🤖 AI Summary
Existing cross-morphology dexterous grasping methods exhibit poor generalization to unseen end-effectors and fail to model deep structural-geometric couplings between gripper morphology and object geometry. To address this, we propose a morphology-aware geometric matching framework that, for the first time, explicitly encodes gripper joint-link topology and kinematics as attention-guided geometric features, enabling zero-shot cross-morphology grasping policy transfer. Our method integrates an attention-driven morphology-conditioned matching network, multi-body dynamics-aware feature extraction, and cross-morphology geometric consistency constraint learning. Evaluated on three out-of-distribution end-effectors, it achieves an average grasp success rate improvement of 9.64% over state-of-the-art approaches. This work establishes a scalable, joint morphology-geometry modeling paradigm for general-purpose dexterous manipulation.
📝 Abstract
Despite recent progress on multi-finger dexterous grasping, current methods focus on single grippers and unseen objects, and even the ones that explore cross-embodiment, often fail to generalize well to unseen end-effectors.
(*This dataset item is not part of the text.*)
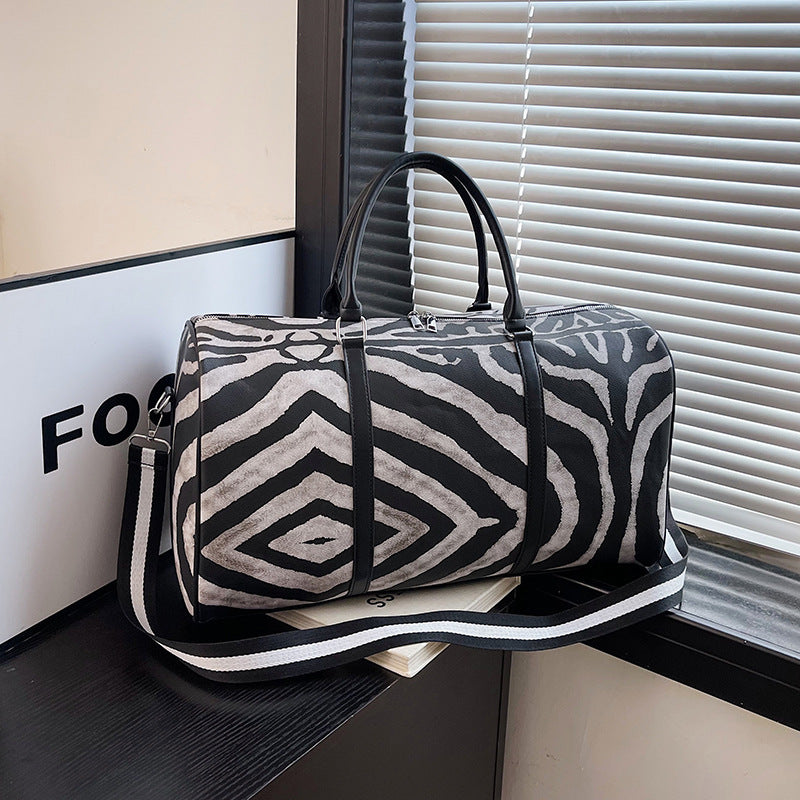 Sporty travel bag in trendy zebra pattern Stornfield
This work addresses the problem of dexterous grasping generalization to unseen end-effectors via a unified policy that learns correlation between gripper morphology and object geometry. Robot morphology contains rich information representing how joints and links connect and move with respect to each other and thus, we leverage it through attention to learn better end-effector geometry features. Our experiments show an average of 9.64% increase in grasp success rate across 3 out-of-domain end-effectors compared to previous methods.